Sir John Warcup Cornforth Jr., (7 September 1917 – 8 December 2013) was an Australian–British chemist who won the Nobel Prize in Chemistry in 1975 for his work on the stereochemistry of enzyme-catalysed reactions, becoming the only Nobel laureate born in New South Wales.

At about 10 years old, Cornforth had noted signs of deafness, which led to a diagnosis of otosclerosis, a disease of the middle ear which causes progressive hearing loss. This would leave him completely deaf by the age of 20 but also fatefully influence his career direction towards chemistry.

After his arrival at Oxford and during World War II, Cornforth significantly influenced the work on penicillin, particularly in purifying and concentrating it.
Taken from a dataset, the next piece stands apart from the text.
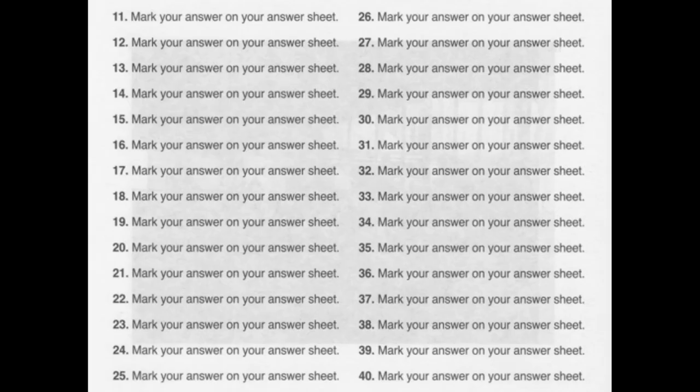Number 11. Who wrote the memo? A: It came from the accounting office. B: I think you'll have to memorize it. C: On the company intranet.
Penicillin is usually very unstable in its crude form; as a consequence of this, researchers at the time were building upon Howard Florey's work on the drug.

In 1940, Cornforth and other chemists measured the yield of penicillin in arbitrary units to understand the conditions that favoured penicillin production and activity, and he contributed to the writing of The Chemistry of Penicillin.
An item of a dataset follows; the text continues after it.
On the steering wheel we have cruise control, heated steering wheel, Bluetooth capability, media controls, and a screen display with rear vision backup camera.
In 1946, the Cornforths, who had by now married, left Oxford and joined the Medical Research Council (MRC), working at the National Institute for Medical Research (NIMR), where they continued on earlier work in synthesising sterols, including cholesterol. 

The Cornforths' collaboration with Robinson continued and flourished. In 1951, they completed, simultaneously with Robert Burns Woodward, the first total synthesis of the non-aromatic steroids. 
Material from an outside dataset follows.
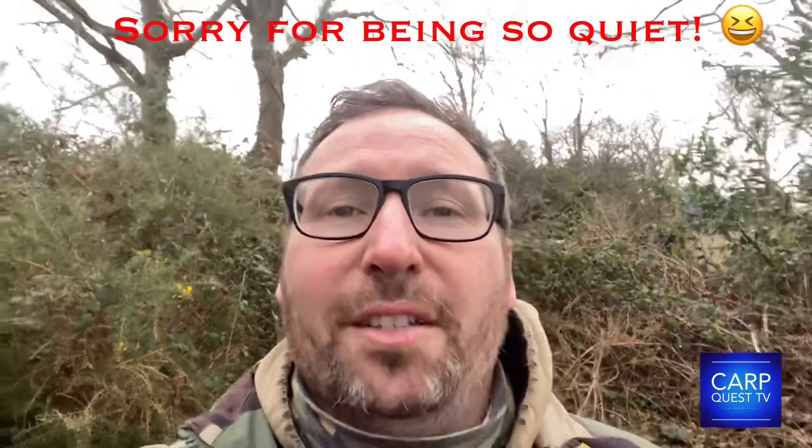Hi and welcome back to the channel. Today we're back down at Tricky Club Lake and there are anywhere between 50 to 65 fish in it.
At the NIMR, Cornforth collaborated with numerous biological scientists, including George Popják, with whom he shared an interest in cholesterol. Together, they received the Davy Medal in 1968 in recognition of their distinguished joint work on the elucidation of the biosynthetic pathway to polyisoprenoids and steroids.

Cornforth investigated enzymes that catalyse changes in organic compounds, the substrates, by taking the place of hydrogen atoms in a substrate's chains and rings.

In his syntheses and descriptions of the structure of various terpenes, olefins, and steroids, Cornforth determined specifically which cluster of hydrogen atoms in a substrate were replaced by an enzyme to effect a given change in the substrate, allowing him to detail the biosynthesis of cholesterol.

For this work, he won a share of the Nobel Prize in Chemistry in 1975, alongside co-recipient Vladimir Prelog, and was knighted in 1977.